Add more Endpoint fields #265

ferullo · 2022-06-21T12:57:12Z

Change Summary

This updates mappings to account for a number of fields Endpoint already generates.

I'm not sure if all the fields added need to be indexed or if the types are right. Some back and forth/thorough review would be appreciated.

Sample values

There are too many changes to easily share a sample document, though I can get some samples if really needed. The changes in this PR pass Endpoint testing.

Release Target

Whenever.

Q/A

Endpoint automated testing passes with these changes and exceptions that allowed testing to otherwise pass removed.

For mapping changes:

I ran make after making the schema changes, and committed any generated files (in schema/, generated/)
If these field(s) are "exception"-able, I made a companion PR to Kibana adding it (see Readme)
If this is a metadata change, I also updated both transform destination schemas to match

For Transform changes:

The new transform successfully starts in Kibana
The corresponding transform destination schema was updated if necessary

…-host-os-type

elasticmachine · 2022-06-21T13:02:40Z

💚 Build Succeeded

the below badges are clickable and redirect to their specific view in the CI or DOCS

Expand to view the summary

Build stats

Start Time: 2022-06-22T20:22:45.358+0000
Duration: 7 min 48 sec

🤖 GitHub comments

To re-run your PR in the CI, just comment with:

/test : Re-trigger the build.

ferullo

Is there anything I can/should do to update all additions so they aren't indexed? My thought is that right now these fields aren't indexed anyway so just adding them without indexing seems like the least risky change.

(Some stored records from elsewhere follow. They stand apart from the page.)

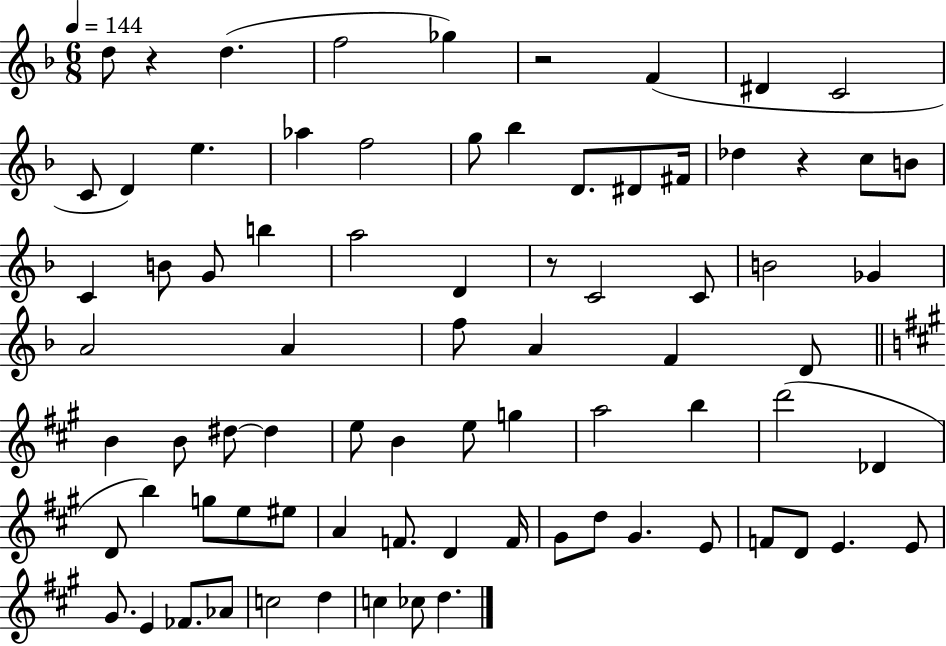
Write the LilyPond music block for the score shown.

{
  \clef treble
  \numericTimeSignature
  \time 6/8
  \key f \major
  \tempo 4 = 144
  d''8 r4 d''4.( | f''2 ges''4) | r2 f'4( | dis'4 c'2 | \break c'8 d'4) e''4. | aes''4 f''2 | g''8 bes''4 d'8. dis'8 fis'16 | des''4 r4 c''8 b'8 | \break c'4 b'8 g'8 b''4 | a''2 d'4 | r8 c'2 c'8 | b'2 ges'4 | \break a'2 a'4 | f''8 a'4 f'4 d'8 | \bar "||" \break \key a \major b'4 b'8 dis''8~~ dis''4 | e''8 b'4 e''8 g''4 | a''2 b''4 | d'''2( des'4 | \break d'8 b''4) g''8 e''8 eis''8 | a'4 f'8. d'4 f'16 | gis'8 d''8 gis'4. e'8 | f'8 d'8 e'4. e'8 | \break gis'8. e'4 fes'8. aes'8 | c''2 d''4 | c''4 ces''8 d''4. | \bar "|."
}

ferullo · 2022-06-21T12:59:28Z

custom_schemas/custom_call_stack.yml


    - name: instruction_pointer
      level: custom
      type: keyword
      description: >
        The return address of this stack frame.

+    - name: memory_section.memory_address


Unfortuntely, it seems Endpoint generates both memory_section.memory_address and memory_section.address as well as memory_section.memory_size and memory_section.size. I'm not sure there is any non-breaking change way to undo that. Thoughts @gabriellandau ?

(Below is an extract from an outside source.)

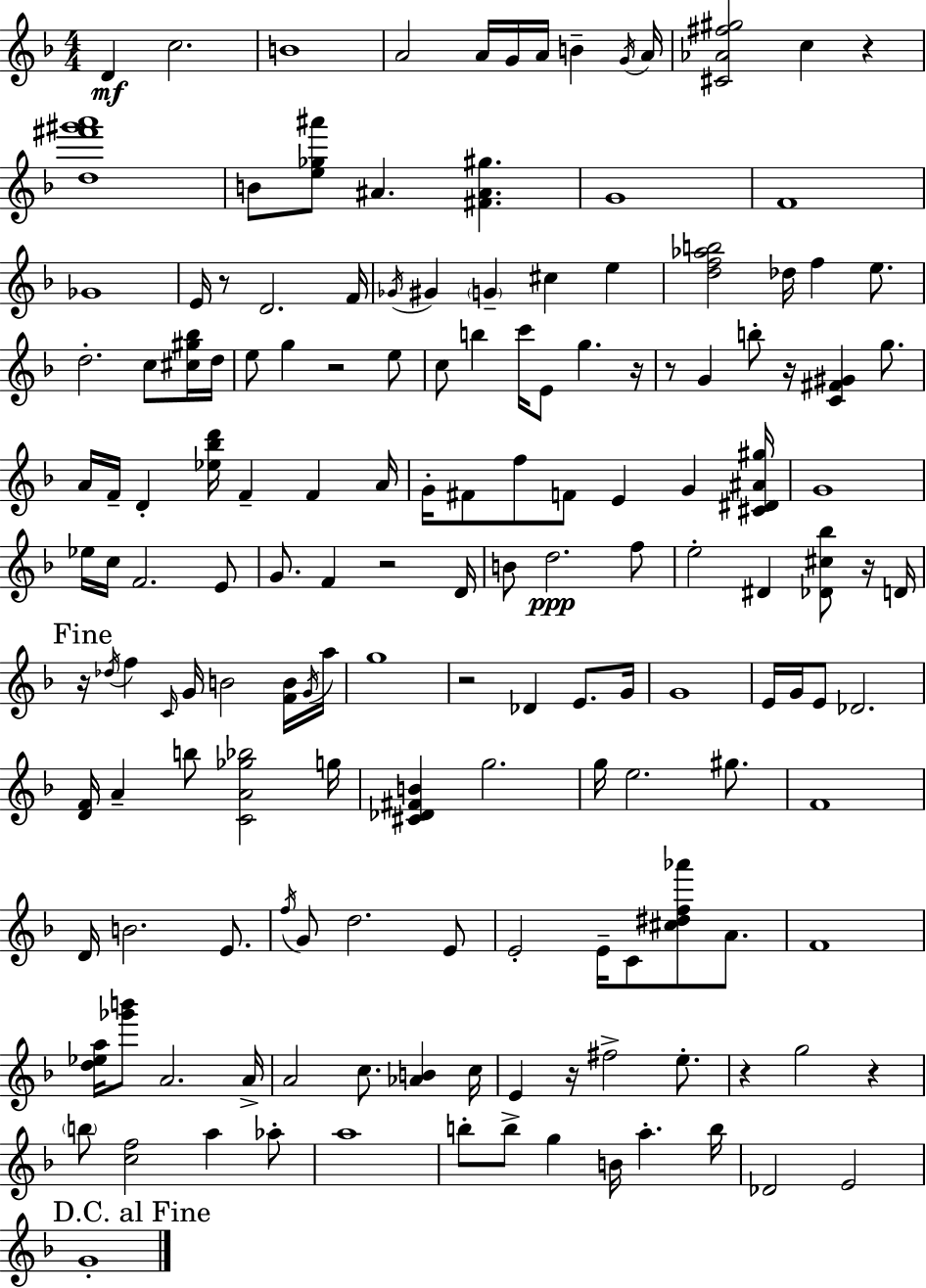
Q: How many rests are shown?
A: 13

Hrm. memory_section.memory_address appears to have come first, a carry-over from Endgame schema. It's used for memory protection call stacks alongside memory_size.

memory_section.address appears to be new to Elastic Credential Access events (8.3.0). Can we remove it from the schema, and change CredAccess in 8.3.1 over to memory_address?

I'm not finding any references to memory_section.size - we may be okay to remove that.

I see call_stack.memory_region.[address|size] in custom_subsets/elastic_endpoint/alerts/malware_event.yaml, custom_subsets/elastic_endpoint/alerts/memory_protection_event.yaml, and custom_subsets/elastic_endpoint/alerts/ransomware_event.yaml. Is there any reason I shouldn't remove address and size from all three and add memory_address and memory_size?

Is there any reason I shouldn't remove address and size from all three and add memory_address and memory_size?

From what I can tell, that would be a reasonable course of action. I can do that in a follow-up PR if you don't want to do it here. The sanity test would be to take the resulting endpoint-package hash and run EAF with it, ensuring no schema violations.

Oh, based on git blame that field is really old. I wonder why it was added so long ago?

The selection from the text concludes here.